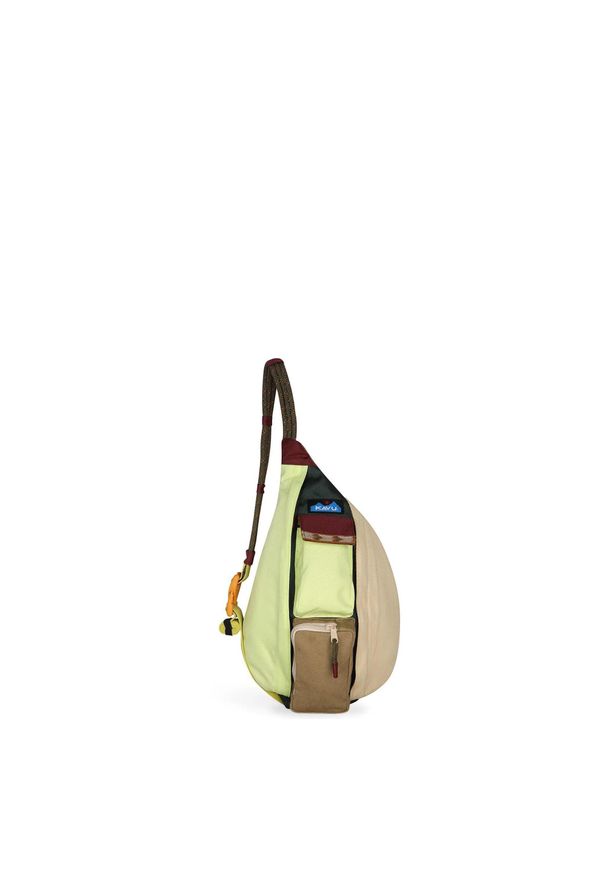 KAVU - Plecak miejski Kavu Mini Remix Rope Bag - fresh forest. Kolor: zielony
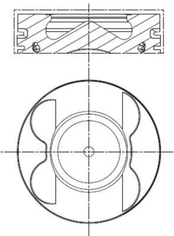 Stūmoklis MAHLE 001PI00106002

...

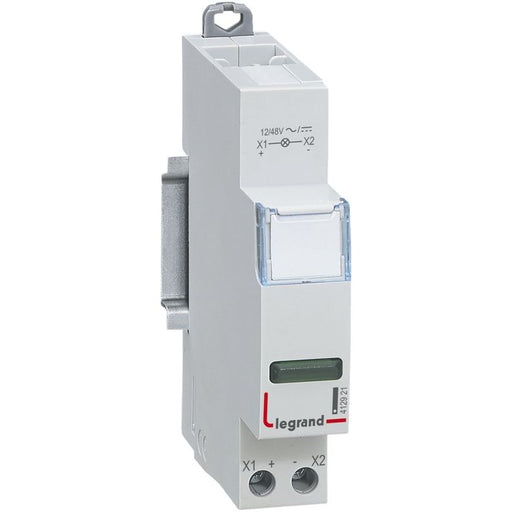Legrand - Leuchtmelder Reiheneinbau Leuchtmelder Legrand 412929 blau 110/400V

# [TASK BRIEF]
Write out word for word the lines above that run from the one with "KAVU - Plecak" to the one with "Stūmoklis MAHLE 001PI00106002". Include both end lines; exclude the images.

# [EXERCISE RESPONSE]
 KAVU - Plecak miejski Kavu Mini Remix Rope Bag - fresh forest. Kolor: zielony
 Stūmoklis MAHLE 001PI00106002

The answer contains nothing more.